What this task involves: Your answer should be an exact copy of all the entries, free of pictures.

Record extracts:
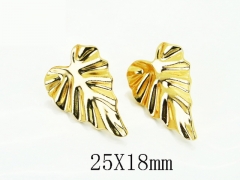 HY Wholesale Earrings Jewelry 316L Stainless Steel Earrings Jewelry-HY60E2216RIO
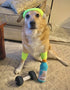 Nestpark Fitness Funny Dog Toys - Doggyade and Doggy Dumbbell Workout Parody - 2 Pack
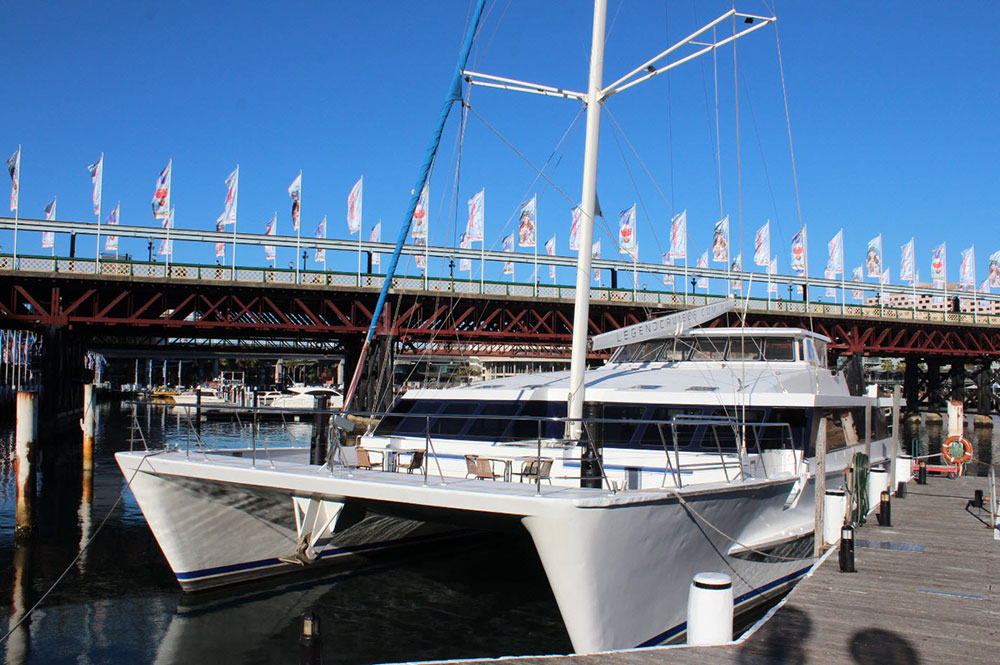 悉尼港遊船相片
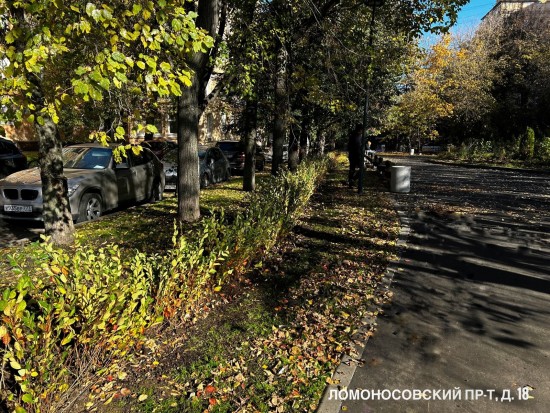 В ряде дворов Гагаринского района идет высадка деревьев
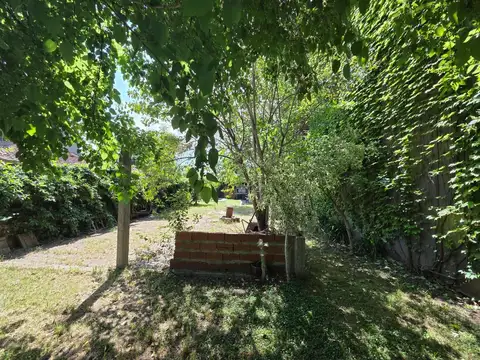 Gregoria Matorras De San Martin 1250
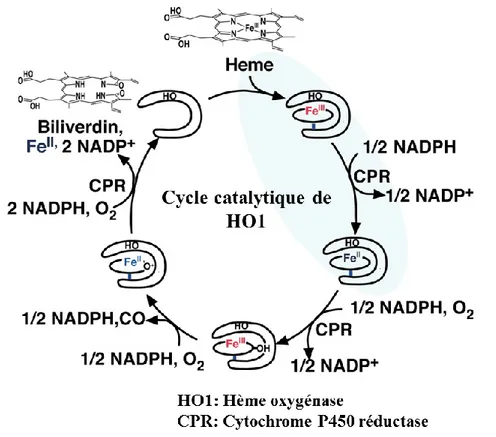 Figure 55. Cycle enzymatique du métabolisme de l’hème en biliverdine catalysée par l’hème oxygénase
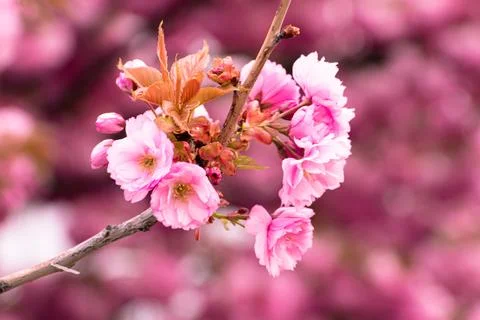 Pink cherry blossoms Stock Photos
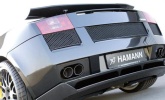 Temn� s�l�: Gallardo od Hamanna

Solution to this problem:
 HY Wholesale Earrings Jewelry 316L Stainless Steel Earrings Jewelry-HY60E2216RIO
 Nestpark Fitness Funny Dog Toys - Doggyade and Doggy Dumbbell Workout Parody - 2 Pack
 悉尼港遊船相片
 В ряде дворов Гагаринского района идет высадка деревьев
 Gregoria Matorras De San Martin 1250
 Figure 55. Cycle enzymatique du métabolisme de l’hème en biliverdine catalysée par l’hème oxygénase
 Pink cherry blossoms Stock Photos
 Temn� s�l�: Gallardo od Hamanna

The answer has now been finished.